Un responsable kurde a également indiqué qu’une conférence se tenait actuellement à Rmeilanv (dans la région de Hassaké, nord-est de la Syrie, à 700 kilomètres de Damas), pour approuver ce système d’autonomie officiellement baptisé « Fédération démocratique du Rojava ». Cerise sur le baklawa, l’initiative – qui n’est pas pour déplaire à Moscou – s’est immédiatement attiré les foudres d’Ankara. Pour la Turquie, le PYD (Parti de l’union démocratique), parti des Kurdes syriens à la manœuvre, ne diffère guerre du PKK (Parti des travailleurs du Kurdistan), qu’Ankara considère comme une organisation terroriste.

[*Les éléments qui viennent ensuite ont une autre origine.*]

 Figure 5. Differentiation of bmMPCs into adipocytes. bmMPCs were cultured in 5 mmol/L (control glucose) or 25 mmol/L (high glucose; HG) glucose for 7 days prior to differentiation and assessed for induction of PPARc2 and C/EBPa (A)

Dans le même temps, une grande partie de l’Est turc, à dominante kurde, vit sous état de siège depuis la crispation des rapports entre Erdogan et le PKK.
Sur le front diplomatique syrien, si Ankara a pu empêcher la participation du PYD aux négociations de Genève, les Turcs voient se réaliser leur pire cauchemar sur le terrain : la constitution d’un Kurdistan syrien autonome. Déjà, à l’été 2014, lorsqu’elles tergiversaient pendant l’assaut de l’Etat islamique contre la ville kurde syrienne de Kobané, les autorités turques avaient préféré choisir un moindre mal : plutôt Daech qu’un Kurdistan quasi-indépendant de Damas qui donneraient des idées aux Kurdes de Turquie !
Aujourd’hui, presque la moitié de la frontière syro-turque se trouve sous contrôle kurde, mais, ce qui est encore plus important, le coup d’envoi quasi officiel du démantèlement de la Syrie vient d’être donné. Reste à trouver les Sykes-Picot du XXe siècle : Lavrov et Kerry ? En tout cas, la Turquie d’Erdogan n’a aucune envie de jouer le rôle autrefois dévolu aux Kurdes : le dindon de la farce diplomatique.